Tree Spirit by Shamshad Khan
Shamshad Khan’s portraits of trees are reflections of a living form. “Not the loose definition of the term pertaining to something that has life, but a living form that has emotion, is capable of forming bonds and can communicate.” Presenting two of her images from the series Tree spirit from 2018, the Bengaluru-based photographer who has styled and conceptualised images for brands like Titan and Tanishq, tries to portray the emotional bond that trees share with plant and animal life around them. “My work directly respond to the surrounding environment and uses everyday experiences from the artist as a starting point. Often these are framed instances that would go unnoticed in their original context.” Specifically shot on the occasion of World Environment Day which coincided with International Orangutan Day, one of her two untitled images captures a frame, where the branches of a tree form an orangutan’s face.

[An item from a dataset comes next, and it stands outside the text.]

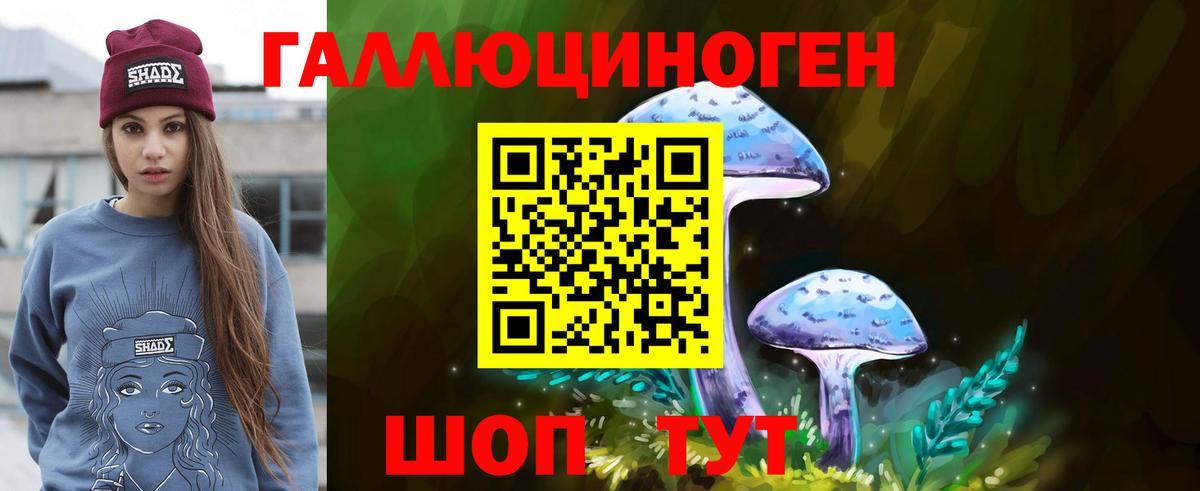Псилоцибиновые грибы Psilocybe Тимашёвск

Mystical connections by Silky Arora
Trying to find answers to the questions that she raises through her artwork about climate change, artist Silky Arora hopes to highlight sustainable development and conscious consumption through her wall art and sculptures that she will be presenting at the exhibition. “As a designer that works with interior spaces, I look at design as an intersection of art and sustainability,” explains the 31-year-old who uses fallen twigs, dry leaves, pressed flowers and recycled paper for her creations. Working on a mixed medium, the artist whose installations can be found at the Indira Gandhi International Airport, New Delhi, tells us that she uses natural inks for her wall art. Showcasing her artwork from the Mystical Connection series, the Pratt Institute graduate says that the series is about an unknown world of trees with its endless networks.
The New-Delhi based artist will host an interactive session on Sustainability by Design. On September 1. From 5 pm to 6 pm.
Untitled by Ashok Bhowmick
Bengali artist Ashok Bhowmick has gained national renown over 45 years working by paper or canvas, commenting on how social conditioning has created a predetermined idea of what art is. “Paintings aren’t an illustration of a text. They have a grammar of their own and need to be freed from the confines of language and stereotypical thinking,” begins the artist who is known for his cross-hatching technique. Displaying two of his early black and white works, the artist says that the paintings fall into the gamut of his understanding of the theme. “The paintings are untitled because I’ve learnt to view art from what one can call Tagore’s perspective. Paintings are silent. They don’t explain, they express. Paintings are not read, they are felt.” Echoing his sentiment through his painting of a woman and a tree whose roots run deep, the piece is a play on dark and light spaces through the use of his cross-hatching textural detailing and a controlled arrangement of lines.
Tree of Wisdom by Navdeep Kaur
The only installation at the five-day showcase, artist Navdeep Kaur’s light installation, Tree of Wisdom, is handmade from eco-printed paper using fallen leaves, fruits and vegetables. Portrayed as a deconstructed tree, the founder of Bengaluru-based research studio The Colour Workshop says, “The installation denotes the disconnect with nature. The artwork was conceptualised when a plethora of trees were being felled in Bengaluru.” Symbolising a positive change towards sustainable practices, the artist tells us that if one were to look at the mirror on the floor (which is part of the installation), the deconstructed tree appears to be one whole.